Abstract:
A biogas flare system for burning biogas generated primarily by a landfill includes at least one burner for igniting a mixture of biogas and air. A main supply line supplies a mixture of biogas and air to the burner. A biogas supply line feeds biogas into the main supply line. An air supply line feeds air into the main supply line. A mixer structure mixes the biogas and air prior to the mixture being supplied to the burner.

Description:
CROSS REFERENCE TO RELATED APPLICATIONS 
     Not applicable. 
     STATEMENT REGARDING FEDERALLY-SPONSORED RESEARCH OR DEVELOPMENT 
     Not applicable. 
     BACKGROUND OF THE INVENTION 
     This invention relates to a system for flaring biogas generated by landfill sites or waste water facilities, and, more particularly, to a system that decreases harmful combustion products. 
     In landfills and waste water treatment, oftentimes it is necessary to dispose of waste gases, such as methane, generated by the disposal and decay of biological products. Flaring systems are used to burn off or combust such biogases to prevent environmental, explosion, and worker safety hazards. Various flare units are utilized to combust the biogas. Assignee of this application manufactured a unit having a stack with a plurality of burners located therein. The burners are fed via a supply line containing biogas. The biogas is fed directly to the burners without any premixture of air. The tip of each of the burners is disposed in an aperture formed in a false bottom within a stack. The false bottom is insulated with refractory or other suitable heat-resistant material to ensure that excess heat generated by flames extending from the burner tip is not transferred to the burner manifold located below the false bottom within the stack. An annular gap exists between the burner tip and the aperture formed in the false bottom. Air from a chamber below the false bottom flows upwardly through these annular gaps and is utilized to accomplish the combustion of the biogas exiting the burner tip, and further to potentially quench the temperature in the stack if necessary to reduce and control the heat generated within the stack. The air is drawn into the chamber below the false bottom via dampers positioned in the outer wall of the stack. The dampers can be actuated to control the combustion and quench air that flows to the flame via the annular apertures in the false bottom. 
     This biogas flaring system suffers from various disadvantages. First, it is difficult to finely adjust the amount of combustion air utilized in the process by utilizing the air delivery structures of the prior art system. More specifically, a correct premixture of air and fuel, prior to combustion, can reduce the emissions of various harmful gases, such as nitric/nitrous oxide (NOx) and carbon monoxide (CO). The prior air supply structures do not allow a proper premixing of air with fuel prior to combustion. Further, if the biogas must seek combustion air within the stack, flames will often extend upwardly from the burner tip to substantial heights, thus requiring a substantial height of the stack to conceal the flames. 
     In prior systems, each flame generated by a burner tip is generally unrestricted after it exits the burner tip, and oftentimes flows in a nonturbulent manner. This type of flame structure can result in an unstable flare system which can generate a significant amount of combustion instability noise. Added to the noise generated by combustion instability is the noise of the quench air flowing through the blades of the dampers located in the stack wall of the prior art system. 
     Therefore, a flaring system is needed which alleviates the problems of the prior art discussed above. 
     SUMMARY OF THE INVENTION 
     Accordingly, it is an object of the present invention to provide a flaring system that reduces the emission of nitric oxide. 
     It is a further object of the present invention to provide a flaring system which reduces the emission of carbon monoxide even at lower combustion temperatures. 
     A still further object of the present invention is to provide a flaring system that decreases the flame length to decrease the size of stack required. 

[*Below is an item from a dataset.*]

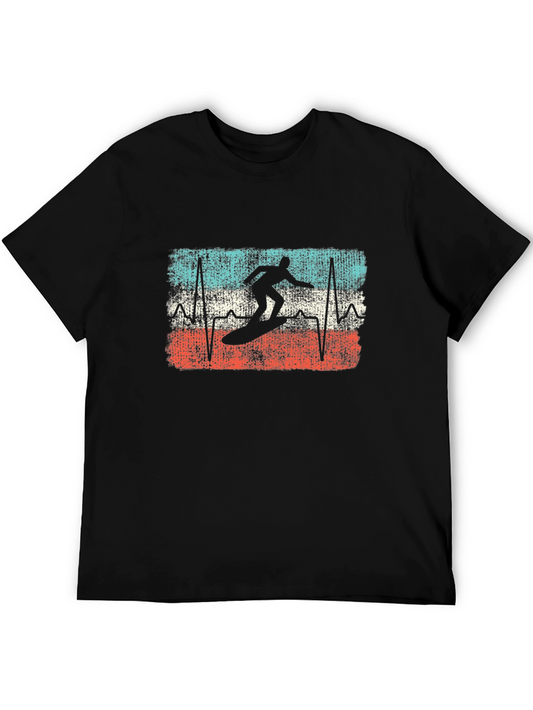 Surfer Heartbeat Graphic Tee - Retro Style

     Another object of the present invention is to provide a flaring system that reduces noise resulting from combustion and noise resulting from air flowing across the damper blades and into the stack. 
     Yet another object of the present invention is to provide a flaring system that increases flame temperature resulting in an increase in destruction efficiency in unburned hydrocarbons. 

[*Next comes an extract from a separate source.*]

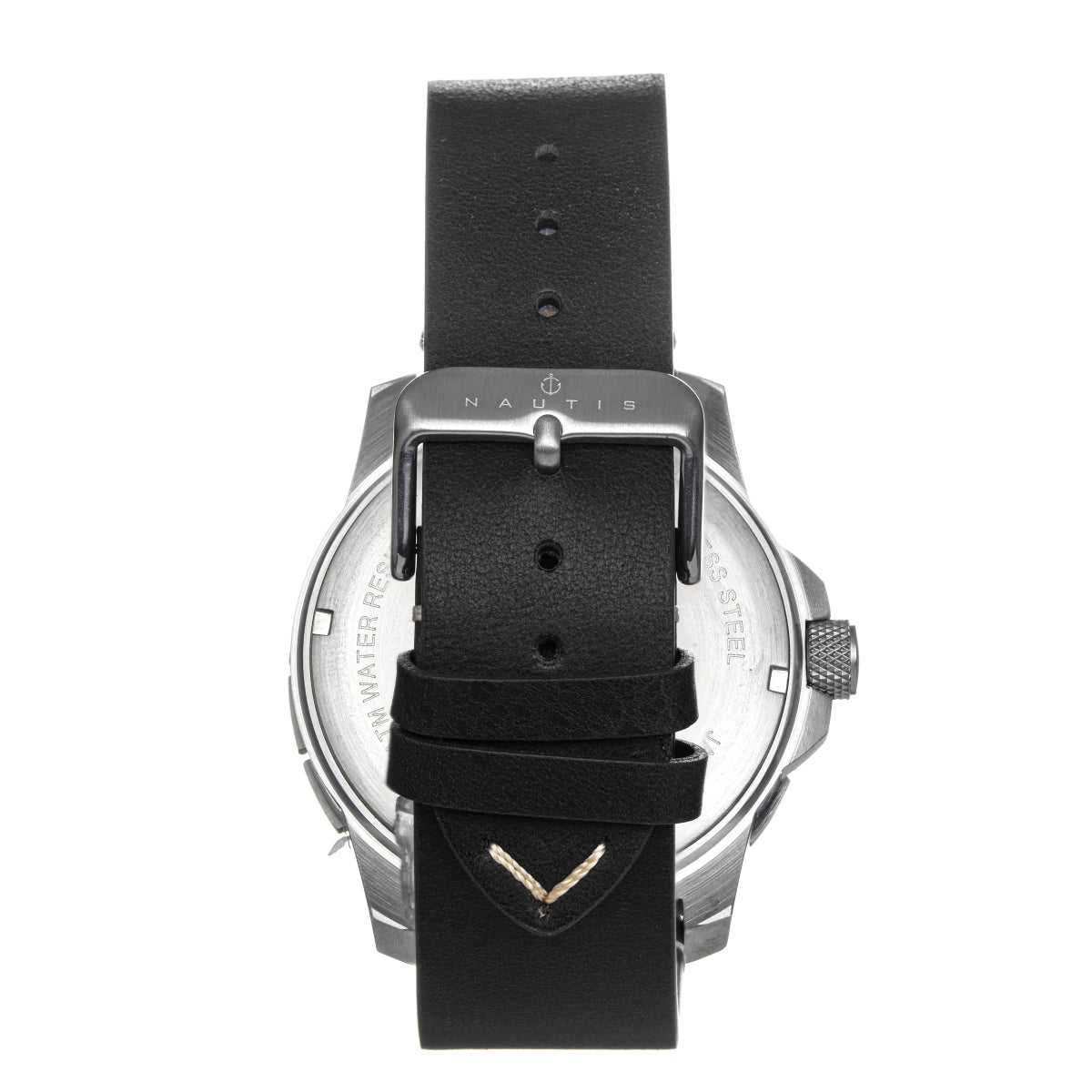 Nautis Dive Pro 200 Leather-Band Watch w/Date - Orange/Black - GL1909-H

     Accordingly, the present invention provides for at least one burner for igniting a mixture of biogas and air. A main supply line supplies the mixture to the burner. A biogas supply line feeds into the main supply line. An air supply line also feeds into the main supply line. A mixer structure is utilized to ensure that the biogas and air are mixed prior to being supplied to the burner. 
     The invention also provides for a flame stability device for use in conjunction with the burner. The device includes an enclosure generally surrounding and extending upwardly from a burner tip. The enclosure has an inner surface that is exposed to a flame generated from the burner tip. A stability surface extends generally from the inner surface to the burner tip. The stability surface surrounds the burner tip and creates a turbulent zone also surrounding the burner tip. The flame generated by the burner tip reattaches to the inner surface above the stability surface. 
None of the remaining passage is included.